▶ What is expected
With the pictures omitted, repeat exactly the lines below starting with the line that has "Epionce Renewal Lite" and going on through the line that has "κλινικές εκδηλώσεις Δευτεροπαθής".

━━ Record extracts

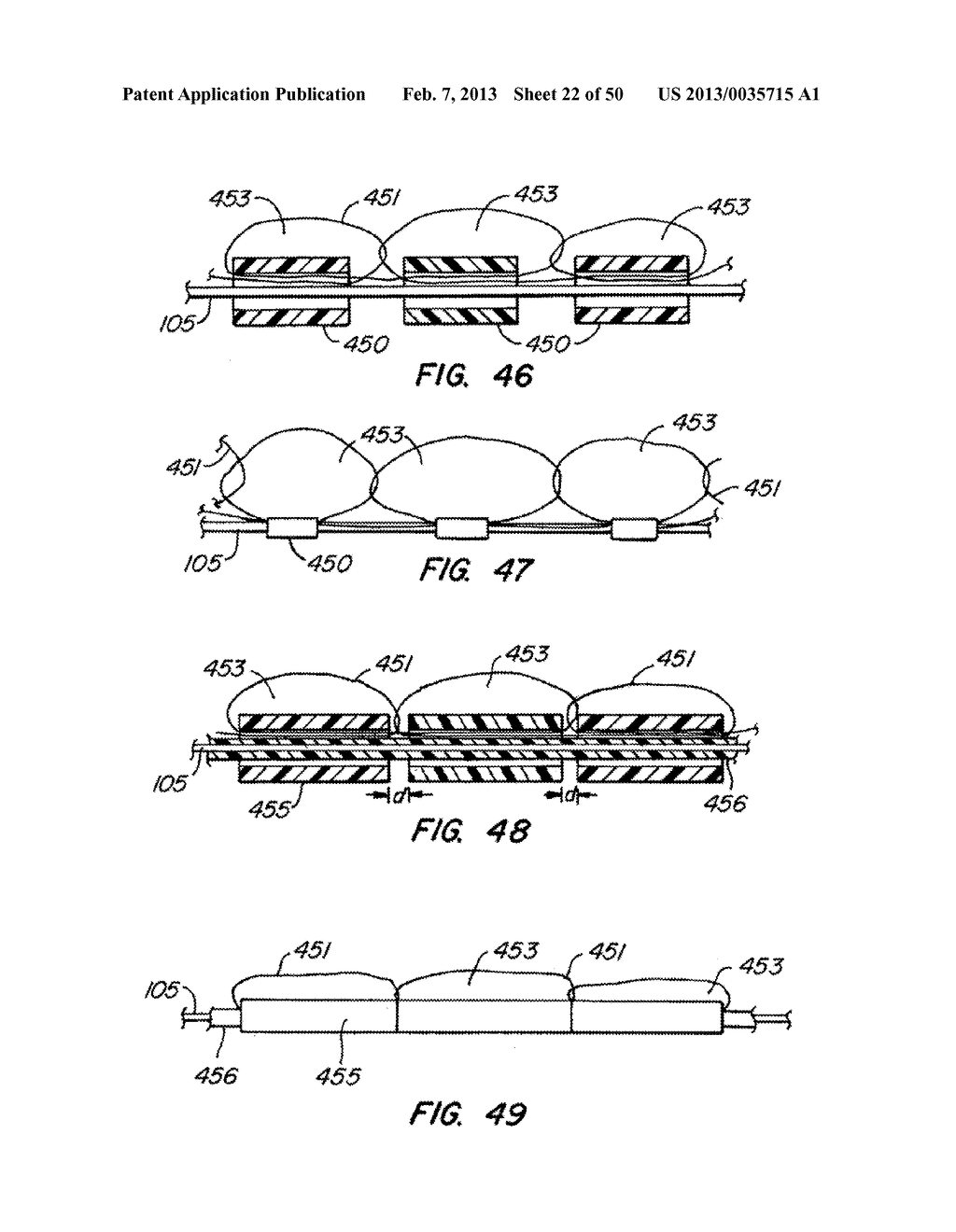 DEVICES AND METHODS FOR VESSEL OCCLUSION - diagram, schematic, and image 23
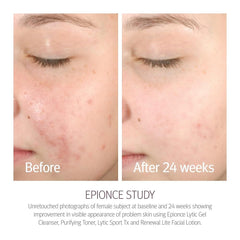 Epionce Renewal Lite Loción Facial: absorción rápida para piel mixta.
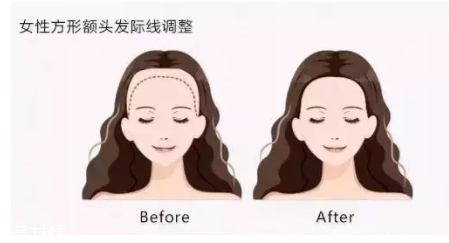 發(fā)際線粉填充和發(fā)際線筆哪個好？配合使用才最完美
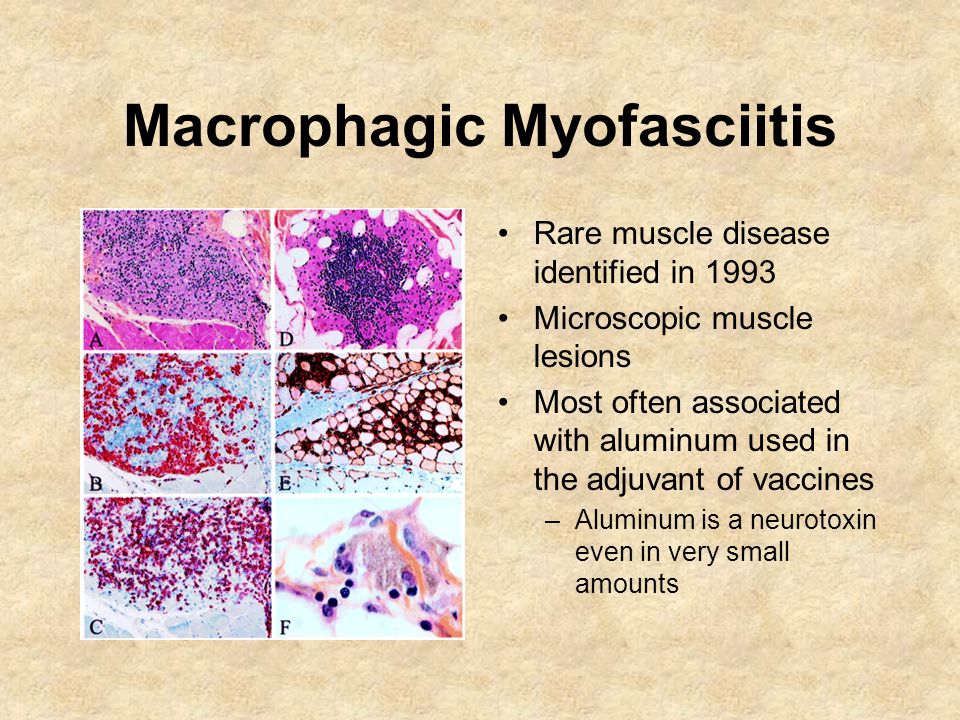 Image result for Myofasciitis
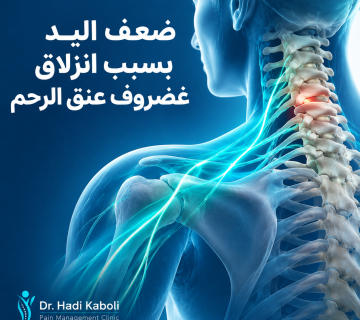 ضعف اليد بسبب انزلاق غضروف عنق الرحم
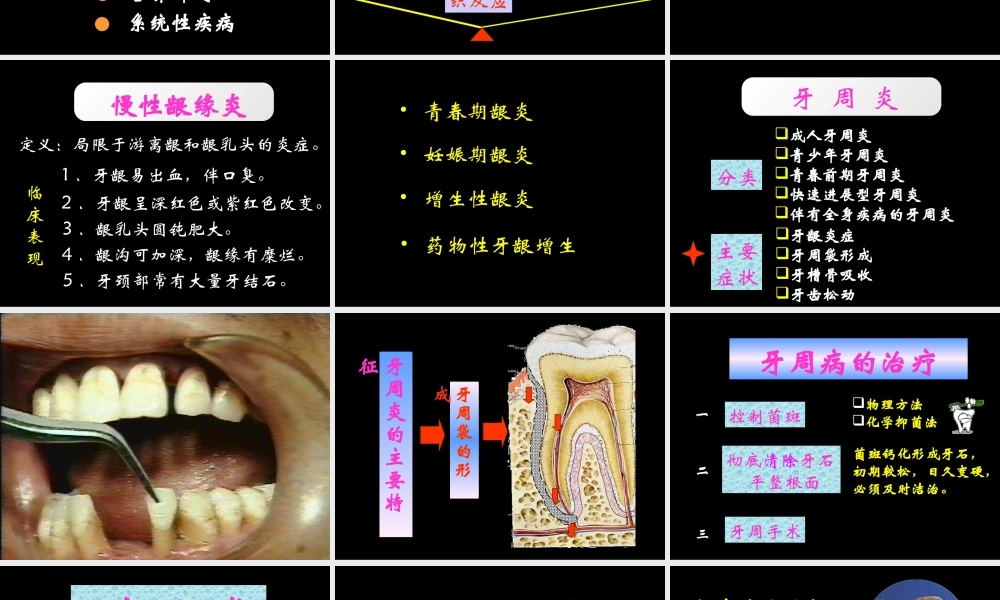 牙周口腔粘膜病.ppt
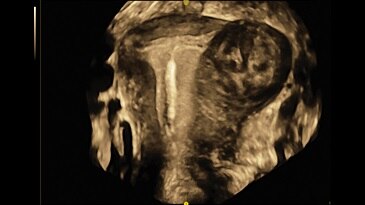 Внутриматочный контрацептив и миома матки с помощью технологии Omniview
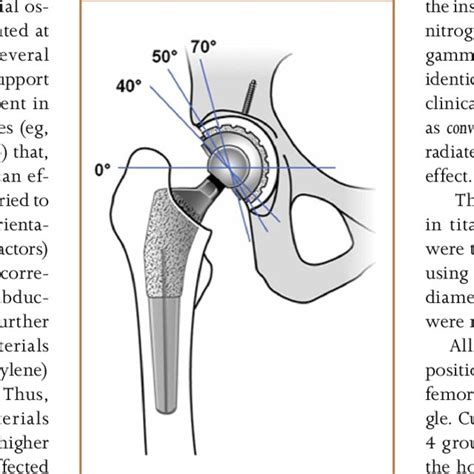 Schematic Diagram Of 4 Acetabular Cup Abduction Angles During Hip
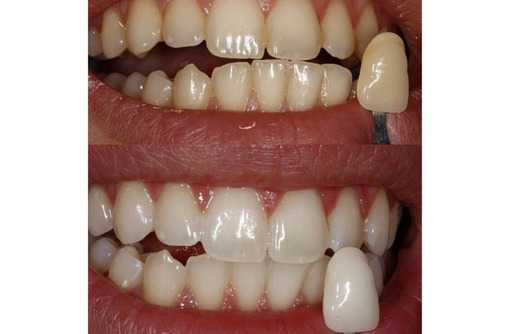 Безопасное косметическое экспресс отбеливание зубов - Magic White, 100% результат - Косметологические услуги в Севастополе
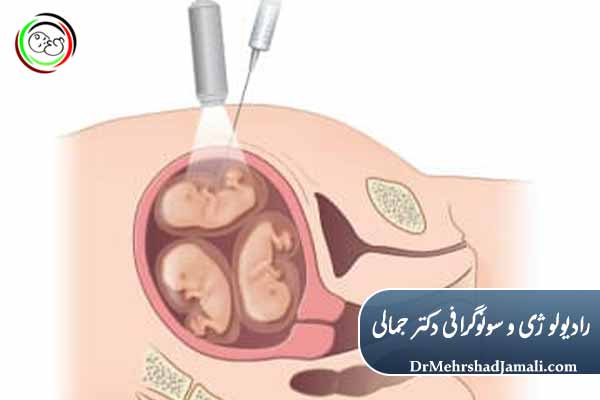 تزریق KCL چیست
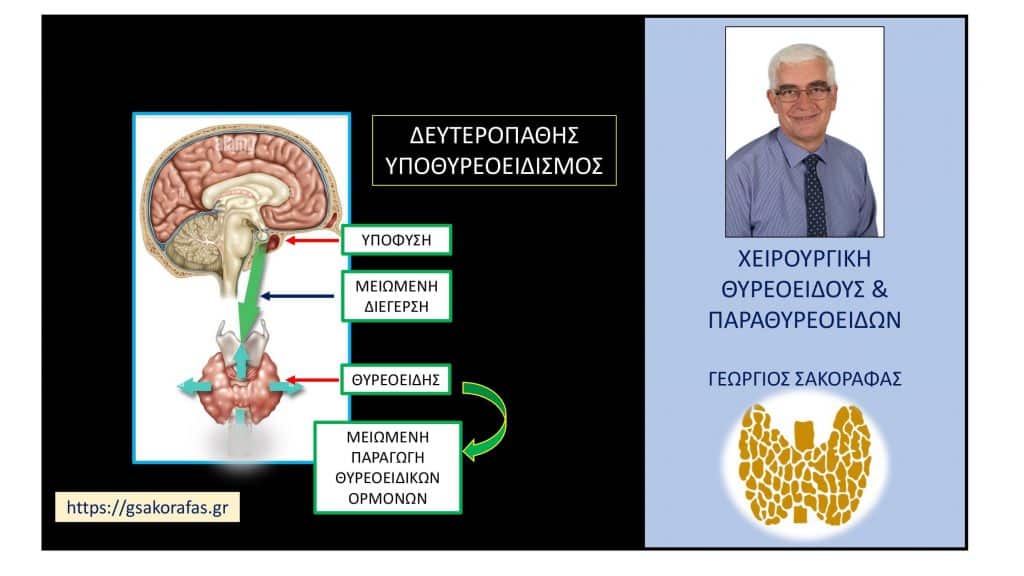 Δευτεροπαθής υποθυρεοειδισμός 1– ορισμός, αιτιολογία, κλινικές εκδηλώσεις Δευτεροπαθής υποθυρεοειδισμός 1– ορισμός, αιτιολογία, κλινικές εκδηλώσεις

━━━━
━━ Record extracts

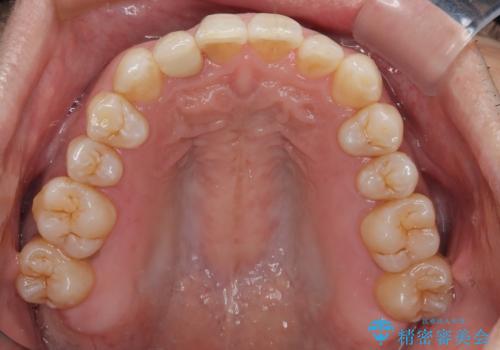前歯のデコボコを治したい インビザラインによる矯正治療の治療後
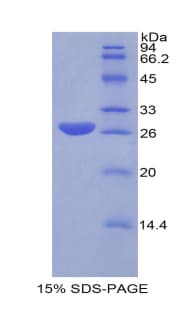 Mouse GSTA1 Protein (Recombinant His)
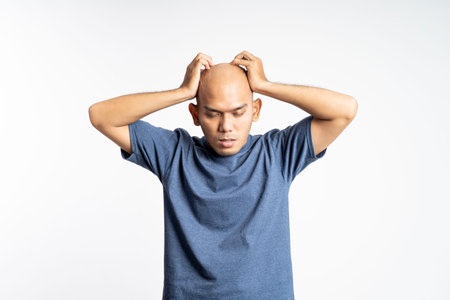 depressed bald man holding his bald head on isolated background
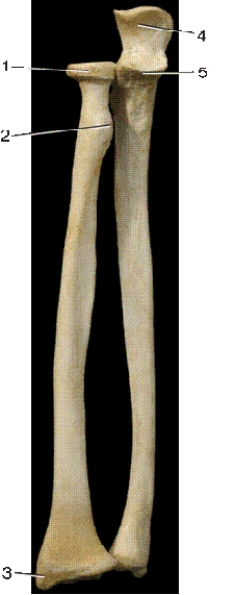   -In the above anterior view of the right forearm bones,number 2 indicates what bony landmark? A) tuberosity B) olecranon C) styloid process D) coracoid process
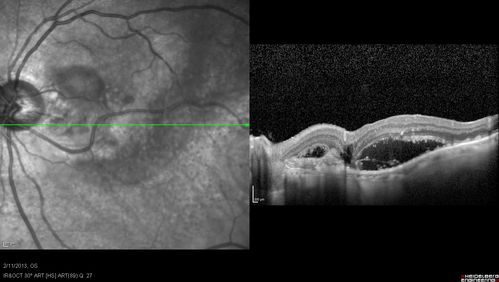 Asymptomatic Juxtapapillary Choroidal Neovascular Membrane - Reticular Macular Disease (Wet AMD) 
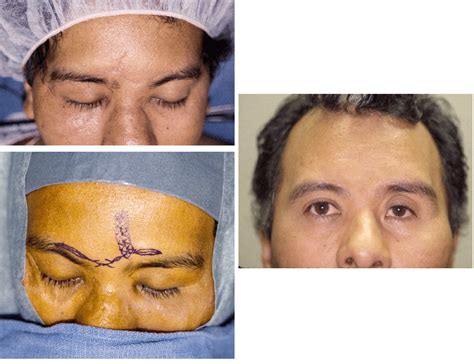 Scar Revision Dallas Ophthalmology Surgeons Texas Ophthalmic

━━━━

▶ Answer for the task
 Epionce Renewal Lite Loción Facial: absorción rápida para piel mixta.
 發(fā)際線粉填充和發(fā)際線筆哪個好？配合使用才最完美
 Image result for Myofasciitis
 ضعف اليد بسبب انزلاق غضروف عنق الرحم
 牙周口腔粘膜病.ppt
 Внутриматочный контрацептив и миома матки с помощью технологии Omniview
 Schematic Diagram Of 4 Acetabular Cup Abduction Angles During Hip
 Безопасное косметическое экспресс отбеливание зубов - Magic White, 100% результат - Косметологические услуги в Севастополе
 تزریق KCL چیست
 Δευτεροπαθής υποθυρεοειδισμός 1– ορισμός, αιτιολογία, κλινικές εκδηλώσεις Δευτεροπαθής υποθυρεοειδισμός 1– ορισμός, αιτιολογία, κλινικές εκδηλώσεις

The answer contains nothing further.